→ **Information supplied**

____

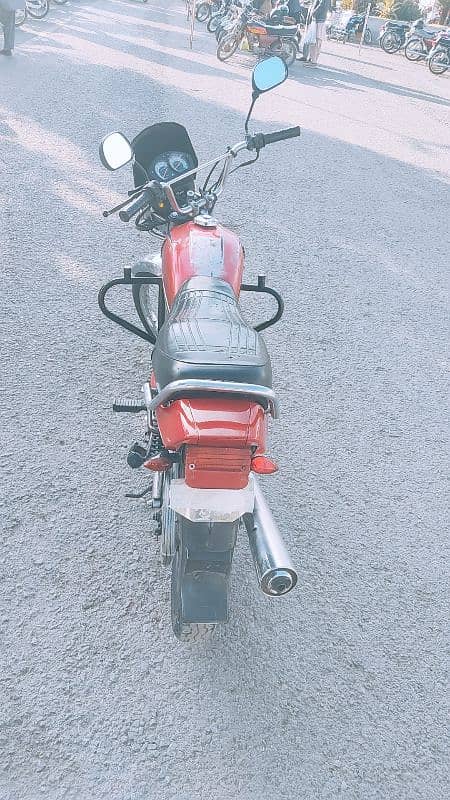 Honda CD 100 Islamabad Number just like new ( exchange possible) 5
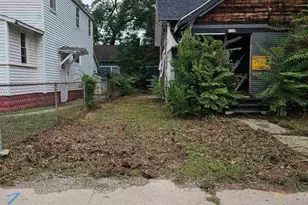 56 E Lincoln Ave, Muskegon Heights, MI 49444 - Photo 2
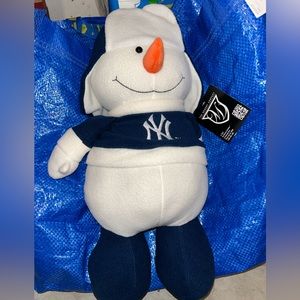 MLB New York Yankees Plush Snowman Stuffed Decoration With Trapper Hat NWT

____

→ **Work required**
Without the pictures, write out all of the material exactly.

→ **Task response**
 Honda CD 100 Islamabad Number just like new ( exchange possible) 5
 56 E Lincoln Ave, Muskegon Heights, MI 49444 - Photo 2
 MLB New York Yankees Plush Snowman Stuffed Decoration With Trapper Hat NWT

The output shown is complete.